Além disso, Osmar também comentou a atuação do diretor administrativo Fábio Soares, falou sobre o atual sistema de controle de materiais do clube e abordou a situação financeira do Corinthians, incluindo os pagamentos ligados ao Regime Centralizado de Execuções (RCE).

Osmar iniciou a entrevista explicando como ocorreu a decisão de trocar a segurança do clube após os episódios registrados no Parque São Jorge em maio de 2025.
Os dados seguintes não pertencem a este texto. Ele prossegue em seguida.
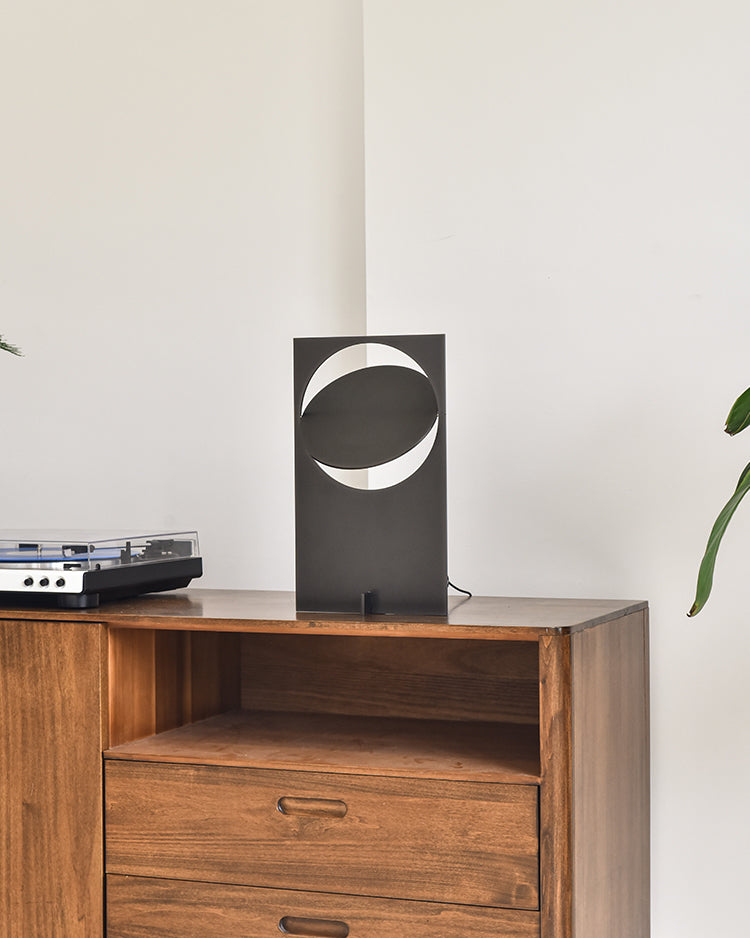 SleekShine - Minimalistische Tafel Lamp met LED Verlichting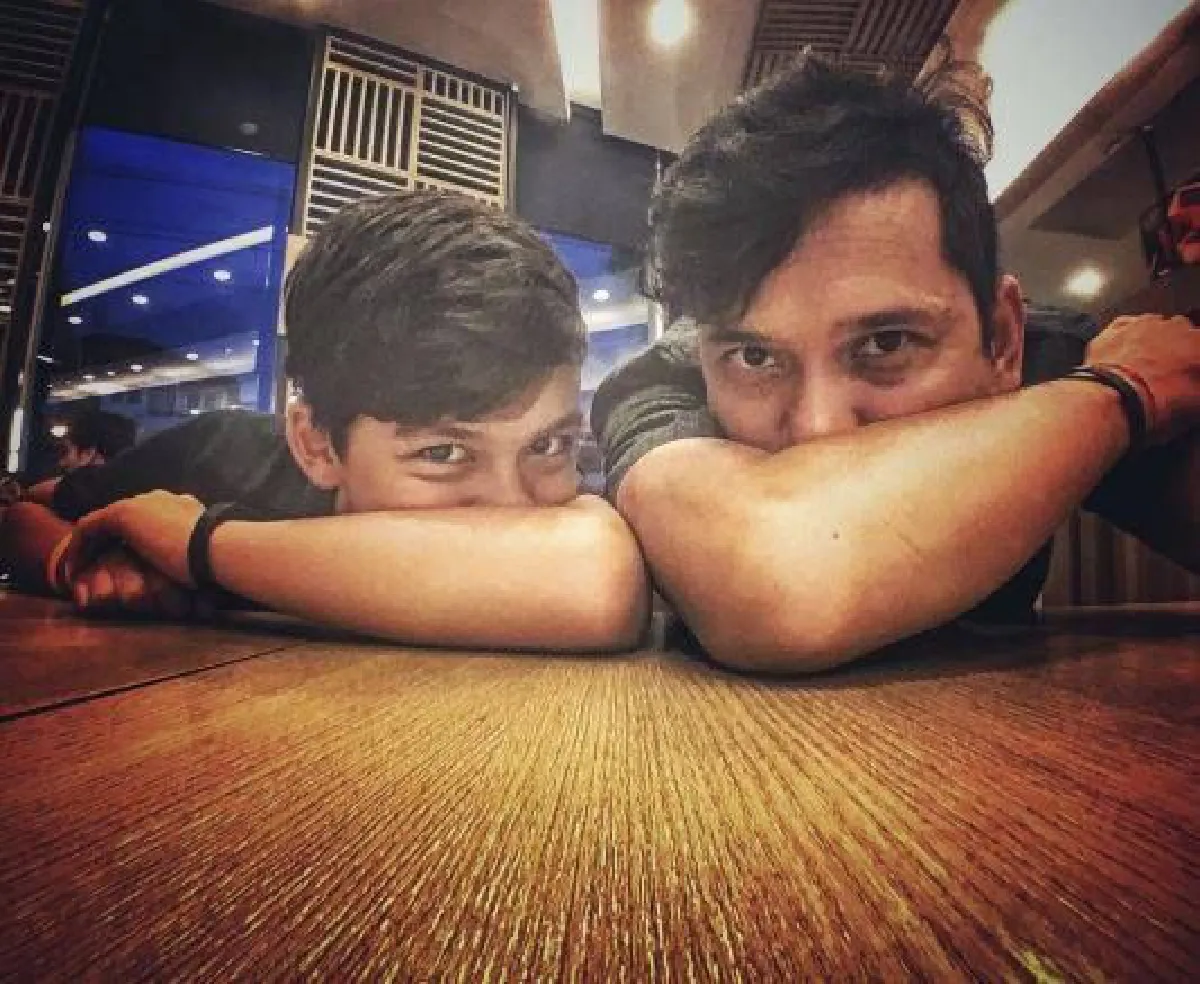 เจ๋งจริงลูกพ่อ! แมว จิรศักดิ์ สุดปลื้ม "น้องทิกเกอร์" เล่นดนตรีงานแรก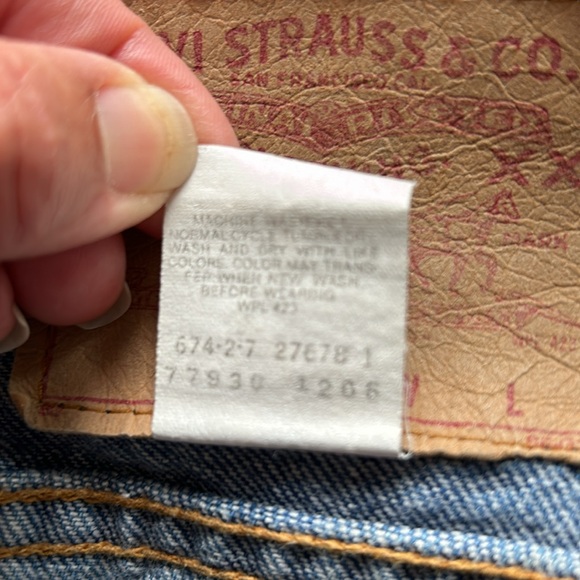 Vintage Levi Denim Jacket - Picture 4 of 10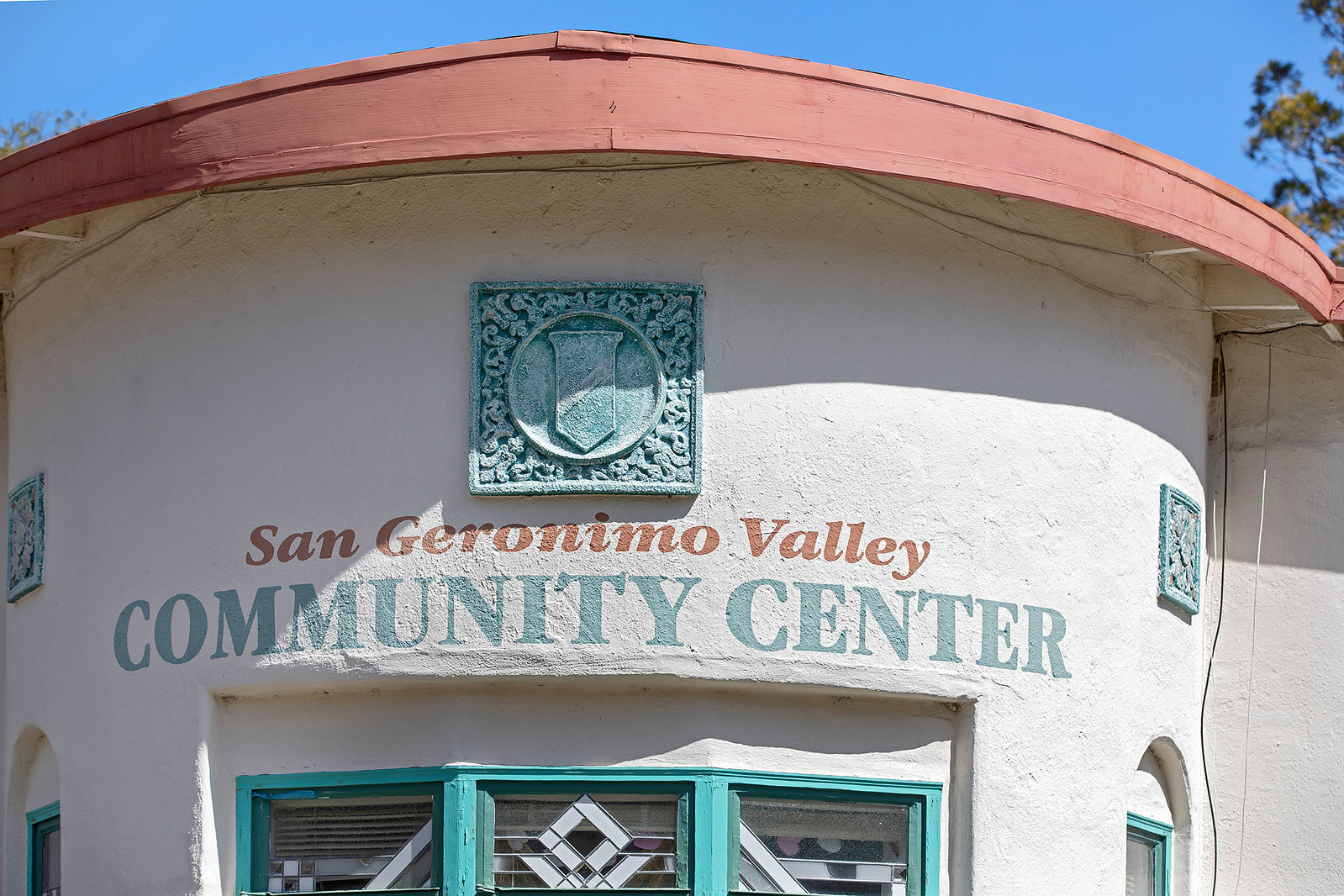 199 Central Avenue, Woodacre Presented by Sarah Kowalczyk & Lotte Moore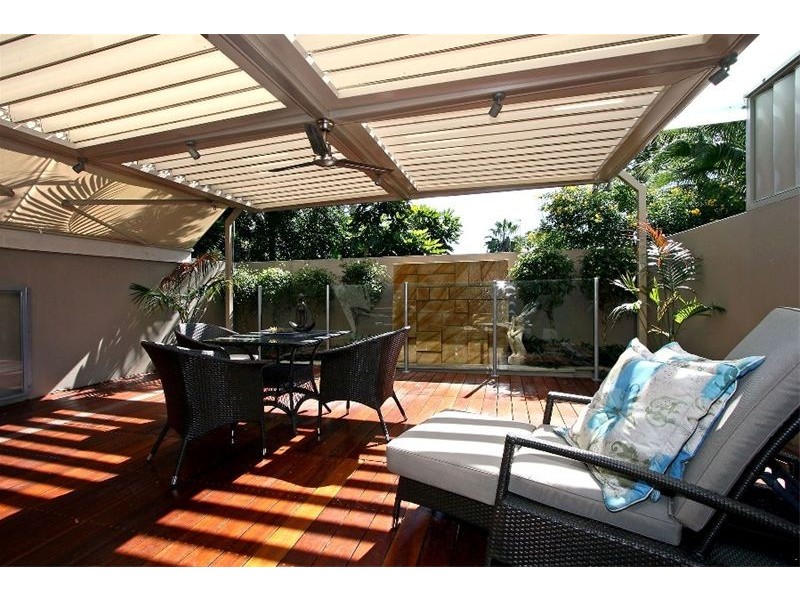 47a  Peak Avenue, Main Beach QLD 4217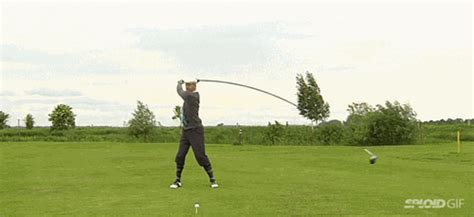 打高尔夫球怎么消费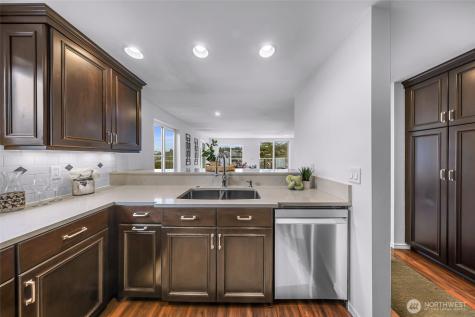 3228 21st Avenue W Seattle WA 98199
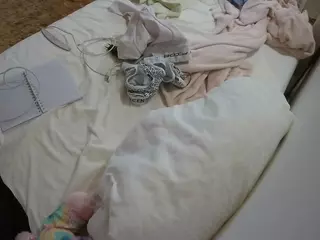 Julmodels Bedroom-C1's Live Sex Cam Show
“Então, aí eu até fiz um comentário de que no dia 31 de maio eu estive aqui no clube, acho que no dia 30, a torcida organizada pediu para vir até aqui para falar comigo. No dia 31, às 16 horas, eu recebi aqui e nós estávamos conversando sobre o que a gente pretendia para o futuro, que forma a gente ia administrar o Corinthians a partir dali. A gente escutou tocar o hino, gritarias e tal, e teve uma evasão aqui no Quinto Andar. Foi muito difícil aquele momento.”

Segundo o presidente, os profissionais responsáveis pela segurança naquele momento não atendiam às ordens da nova administração.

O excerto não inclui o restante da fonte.